# [RECORDS FOR THIS TASK]

^^^^^^^^

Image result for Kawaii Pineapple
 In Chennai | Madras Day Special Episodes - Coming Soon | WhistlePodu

^^^^^^^^

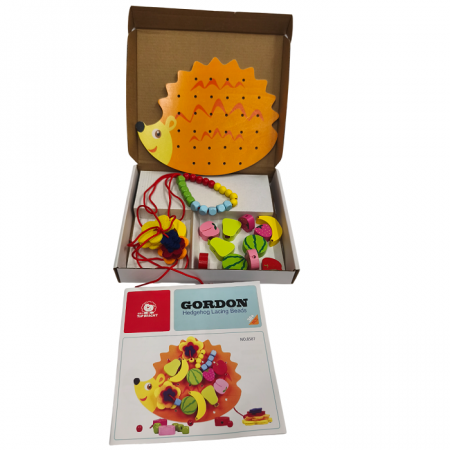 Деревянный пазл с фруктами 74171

^^^^^^^^

# [PROBLEM REQUIREMENTS]
Take the records above and return, word for word, only the lines that fall from the line with "Image result for Kawaii Pineapple" to the line with "In Chennai |", both of them included.

# [EXERCISE RESULT]
Image result for Kawaii Pineapple
 In Chennai | Madras Day Special Episodes - Coming Soon | WhistlePodu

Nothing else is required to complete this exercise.